Department of Mechanical Engineering, 191 Auditorium Rd.,  University of Connecticut, Storrs, CT 06269-3139

Baki M. Cetegen1

Department of Mechanical Engineering, 191 Auditorium Rd.,  University of Connecticut, Storrs, CT 06269-3139cetegen@engr.uconn.edu


Corresponding author

J. Fuel Cell Sci. Technol 3(1), 1-7 (Jul 21, 2005) (7 pages) doi:10.1115/1.2133799 History: Received October 29, 2004; Revised July 21, 2005

A fiber optic coupled diode laser sensor has been constructed for in situ measurements of water vapor partial pressure in active proton-exchange membrane (PEM) fuel cell systems. The bipolar plate of a prototypical PEM fuel cell was modified to allow for transmission of a near infrared laser beam through the flow channels on either the fuel or oxidizer side of its membrane-electrode assembly. The laser wavelength was scanned over several water rotational and vibrational transitions and the light absorption was detected by measuring the transmitted laser power through the device.
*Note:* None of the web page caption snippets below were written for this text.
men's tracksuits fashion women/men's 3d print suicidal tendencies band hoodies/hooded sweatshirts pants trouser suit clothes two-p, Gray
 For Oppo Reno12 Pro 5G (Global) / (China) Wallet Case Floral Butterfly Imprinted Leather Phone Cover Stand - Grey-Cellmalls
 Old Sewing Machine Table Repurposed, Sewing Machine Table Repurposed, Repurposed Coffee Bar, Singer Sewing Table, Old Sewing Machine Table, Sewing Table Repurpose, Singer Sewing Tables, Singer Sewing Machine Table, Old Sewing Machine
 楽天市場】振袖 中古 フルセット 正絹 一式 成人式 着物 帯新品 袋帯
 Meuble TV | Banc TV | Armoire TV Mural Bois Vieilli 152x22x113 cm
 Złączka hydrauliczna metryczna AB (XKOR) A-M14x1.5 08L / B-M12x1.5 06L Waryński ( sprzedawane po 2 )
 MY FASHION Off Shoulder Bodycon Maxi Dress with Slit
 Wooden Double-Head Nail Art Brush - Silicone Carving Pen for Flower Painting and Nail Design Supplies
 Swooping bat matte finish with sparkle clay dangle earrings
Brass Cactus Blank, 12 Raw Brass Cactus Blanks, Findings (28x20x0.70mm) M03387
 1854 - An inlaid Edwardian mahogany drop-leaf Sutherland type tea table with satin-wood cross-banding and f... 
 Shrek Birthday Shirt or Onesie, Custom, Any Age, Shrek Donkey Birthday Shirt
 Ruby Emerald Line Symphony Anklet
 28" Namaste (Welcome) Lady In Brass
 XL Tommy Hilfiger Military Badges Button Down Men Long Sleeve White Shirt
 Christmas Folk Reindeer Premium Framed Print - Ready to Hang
The intensity and line shape of the measured transition was used to extract path-averaged values for the water vapor partial pressure. Measurements were initially taken in a non-operating cell with known temperature and humidity input gas streams to calibrate and test the optical device. A technique for rapid determination of the water partial pressure was developed. The optical technique is applicable over a significant temperature and humidity operating range of a PEM fuel cell. The measurement technique was applied to an operating PEM fuel cell system to examine the effects of incoming gas humidity and load on the water vapor partial pressure variation in one of the flow channels.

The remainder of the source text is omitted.